Asvi Warman Adam menyebut buku yang dipublikasi pertama kali terkait 30 September 1965 adalah “40 Hari Kegagalan G30S, 1 Oktober-10 November 1965” yang terbit menggunakan nama Lembaga Sejarah, Staf Pertahanan Keamanan atas inisiatif Jenderal Nasution yang kehilangan puterinya akibat G30S. Cetakan pertama 27 Desember 1965.
Asvi menyatakan buku itu sudah menyinggung keterlibatan PKI dalam percobaan kudeta. Publikasi kedua adalah “Cornell Paper”, yang dimuat dalam koran The Washington Post pada 5 Maret 1966. “Cornell Paper” ditulis oleh Ben Anderson, Ruth McVey dan FP. Bunnell yang resmi terbit tahun 1971 dengan kesimpulan kudeta sebagai persoalan internal Angkatan Darat.
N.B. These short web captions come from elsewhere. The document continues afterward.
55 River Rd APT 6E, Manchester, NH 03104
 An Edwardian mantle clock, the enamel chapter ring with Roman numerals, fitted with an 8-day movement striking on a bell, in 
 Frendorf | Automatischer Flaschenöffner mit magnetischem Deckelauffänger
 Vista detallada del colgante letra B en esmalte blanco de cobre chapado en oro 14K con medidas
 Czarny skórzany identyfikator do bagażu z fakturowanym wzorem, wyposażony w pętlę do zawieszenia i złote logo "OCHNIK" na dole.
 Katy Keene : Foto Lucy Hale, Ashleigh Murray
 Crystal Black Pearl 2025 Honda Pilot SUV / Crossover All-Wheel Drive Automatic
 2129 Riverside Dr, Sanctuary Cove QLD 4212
Publikasi ketiga menurut Asvi muncul tahun 1968 berjudul “The Coup Attempt of September 30 Movement in Indonesia” dengan tujuan menolak “Cornell Paper”. Buku inilah yang kemudian diterjemahkan ke dalam bahasa Indonesia tahun 1989 dengan judul “Tragedi Nasional, Percobaan Kup G30S/PKI di Indonesia.” Mengapa ada demikian banyak rujukan buku G30S namun seorang sejarawan sekelas Asvi Warman Adam tidak menyebut “The Fall of Sukarno”? Entahlah.
Kredibilitas “The Fall of Sukarno”
Mungkin Anda bertanya, jika sudah ada ratusan buku tentang G30S tapi tidak mampu menguak misteri dan belum bisa mengurai kontroversi Peristiwa 1965 meski para petinggi PKI sudah dihukum, untuk apa menambah referensi dari satu buku lagi?
Buku “The Fall of Sukarno” pantas menjadi rujukan sejarah karena penulisnya bukan wartawan biasa. Varindra Tarzie Vittachi lahir di Sri Lanka, kuliah di Universitas Kolombo dan menjadi wartawan di London, Inggris.
Saat G30S terjadi, Tarzie menjabat sebagai Direktur Asia Institut Pers Internasional yang berpusat di Malaysia dari tahun 1960 hingga 1965. Ia mendapat penghargaan Ramon Mangsaysay tahu 1959 untuk kategori Jurnalisme dan Literatur atas bukunya yang berjudul “Emergency 58” tentang keterlibatan pemerintah dalam kerusuhan anti-Tamil di Sri Lanka saat masih bernama Ceylon. Akibatnya Tarzie di-“persona nongrata” oleh Sri Lanka.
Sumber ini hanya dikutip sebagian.